On 2022-04-25 17:14, Chet Ramey wrote:
On 4/24/22 4:26 PM, Alexey via Bug reports for the GNU Bourne Again SHell wrote:

My pipe size is 4kb, but...
   ulimit -p
   8

  { file /proc/self/fd/0; } <<<"$(dd if=/dev/urandom bs=1 count=$((4096*16)))"
   /proc/self/fd/0: symbolic link to pipe:[1427240]

  { file /proc/self/fd/0; } <<<"$(dd if=/dev/urandom bs=1 count=$((4096*17)))"
   /proc/self/fd/0: symbolic link to /tmp/sh-thd.Npifok (deleted)


Only from size 65Kb it's became a file. BASH 5.1.16

It's a good question. There's no system call for the kernel to report the `pipe size', which is a fluid concept. There are only a couple of shells
that syntheize a value for it: bash and ksh93. Bash uses the value of
PIPE_BUF, which is defined on POSIX systems as the maximum number of bytes that can be written to a pipe atomically. That's the 4096 number. The pipe capacity is the number of bytes that can be written to the pipe -- by any process -- without being read, before writes block or fail. That's 64K on
Linux.

There is one more problem with pipes — they are extremely slow.

Examples:
GNU bash, version 5.1.16(1)-release (x86_64-pc-linux-gnu)

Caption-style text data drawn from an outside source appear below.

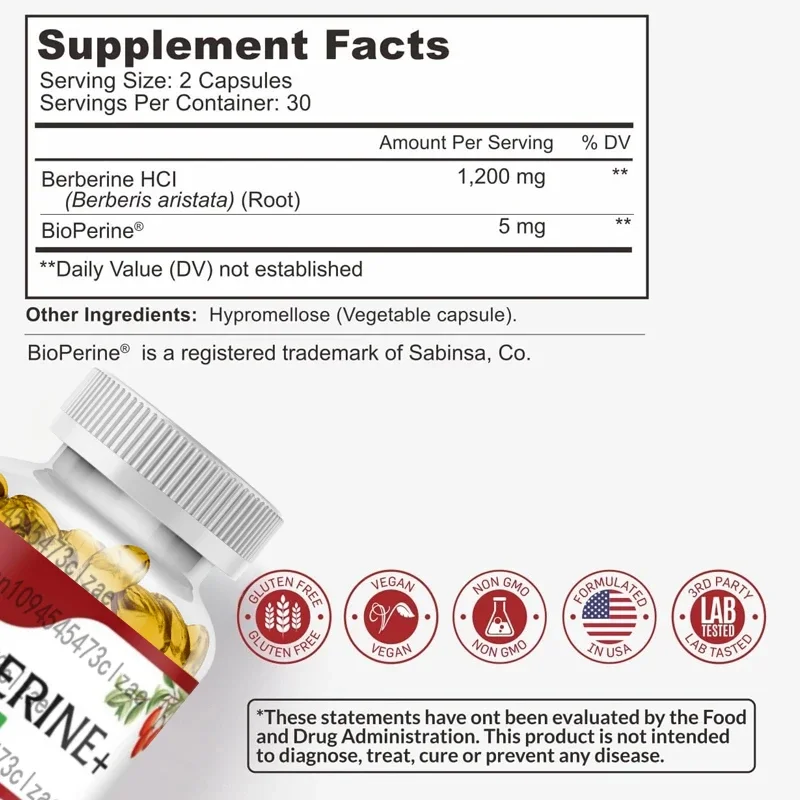 Berberine Supplement 1200mg - Increased Absorption Rate By 5 Times - Ultra Pure 98% Aspartic Acid HCL Immune Support Non GMO
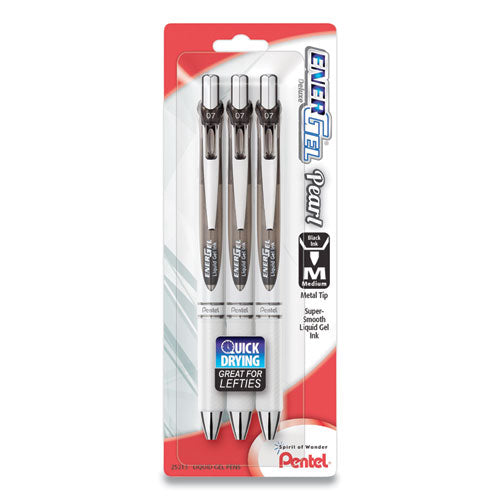 Image of Pentel® Energel Pearl Gel Pen, Retractable, Medium 0.7 Mm, Black Ink, White/black Barrel, 3/pack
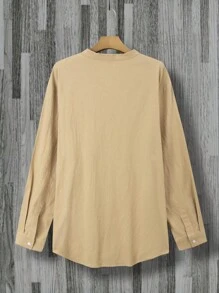 Manfinity Homme Men's Stand Collar Partial Button Down Long Sleeve Shirt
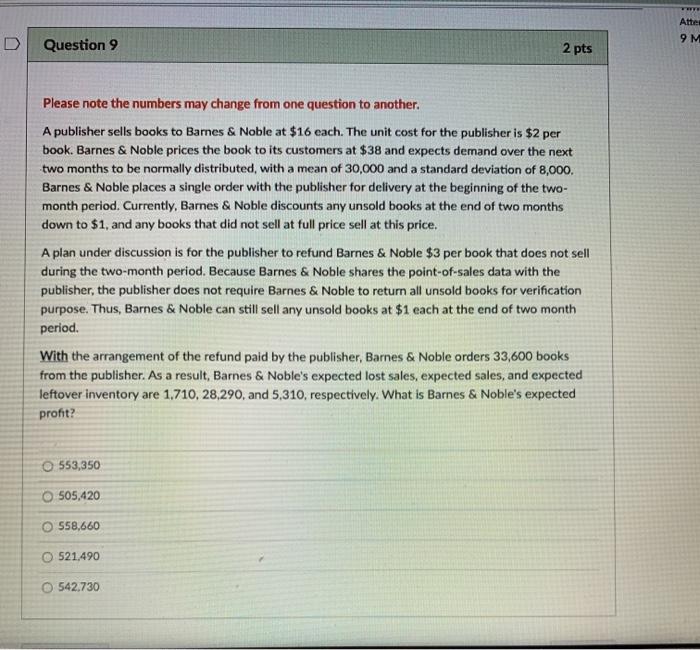 Atte 9 M D Question 9 2 pts Please note the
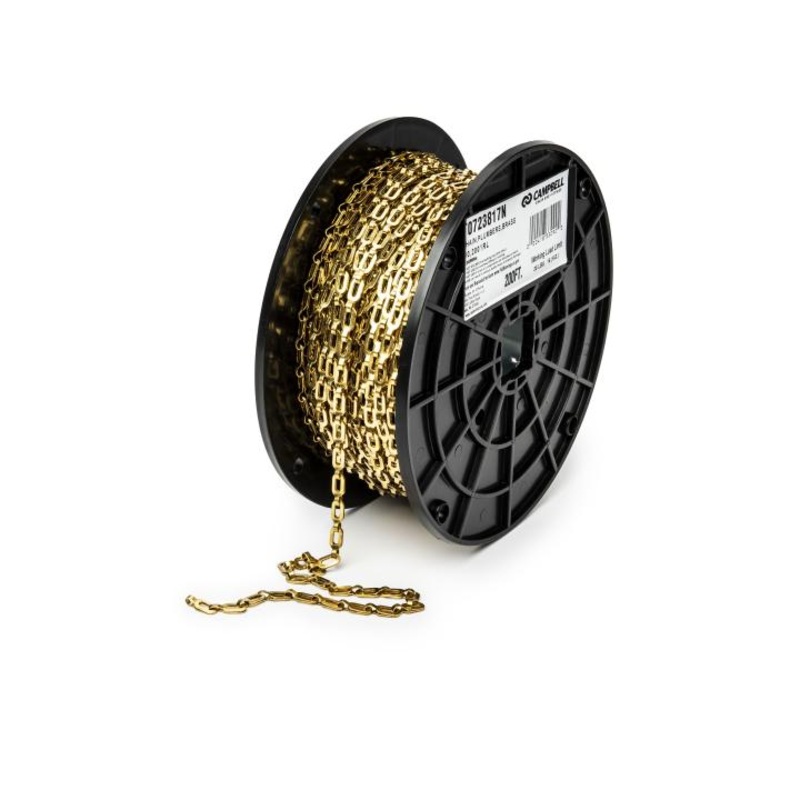 Apex Campbell 1/0 Brass Plumbers Chain Bright 200′ per Reel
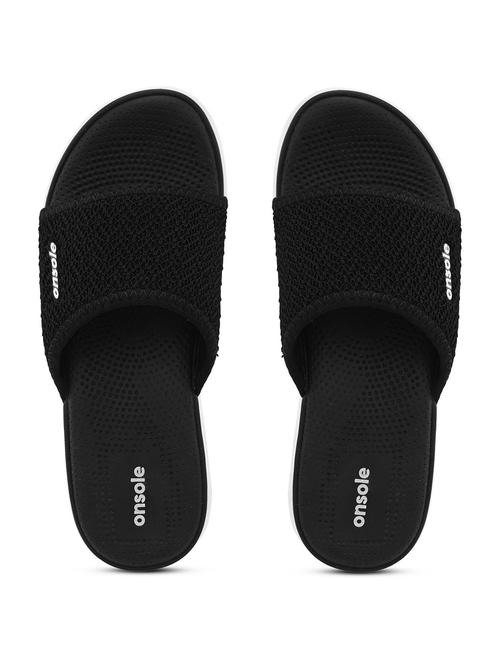 women textured black flip flops - 20519866 -  Standard Image - 0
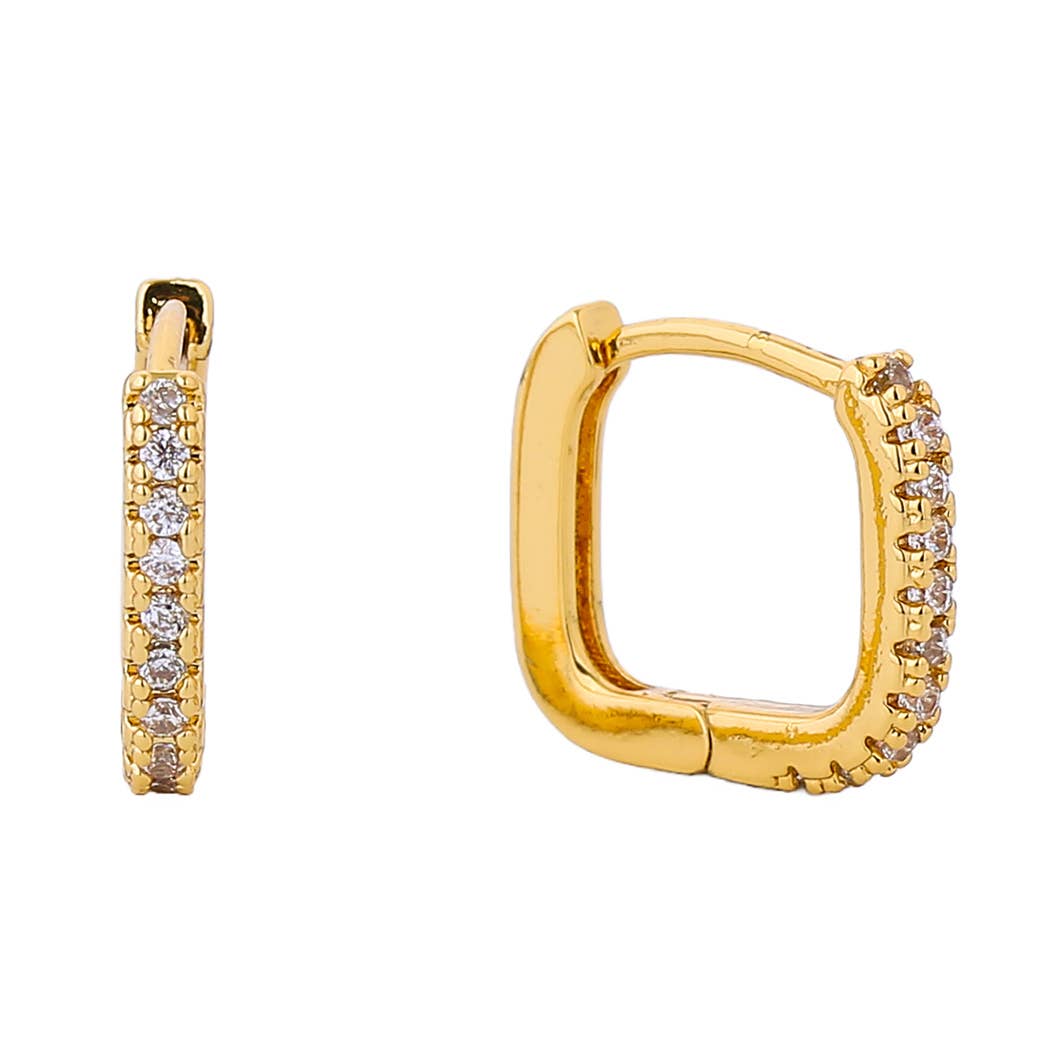 GLD 14K guld-dyppet CZ afrundet firkantet Huggie ørering for engroshandel på Faire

  1) Preparation: create two files with ASCII content:
one for to be file, another to be pipe in redirections constructions. rm /tmp/testaP; for i in {1..65535}; do echo -n a >> /tmp/testaP; done rm /tmp/testaF; for i in {1..65536}; do echo -n a >> /tmp/testaF; done

  2) read with here-string:
     a) from auto-pipe:
time for i in {1..100}; do read -r a <<<"$(cat /tmp/testaP)"; done
         real   0m1.224s
     b) from auto-file:
time for i in {1..100}; do read -r a <<<"$(cat /tmp/testaF)"; done
         real   0m0.403s

  2) read from process substitution (forced pipe):
         time for i in {1..100}; do read -r a < <(cat /tmp/testaF); done
         real   0m1.165s

Loop just to see more precise time.

Examples above show that read from tmp file approximately 3 times faster! (example 2.b)
It's very common optimization in my scripts to replace where possible
process substitution to here string construction.
So, if all data below 64K will be piped it will be very slow
There is one exception where it's important to not to get trailing "\n" like here-string do.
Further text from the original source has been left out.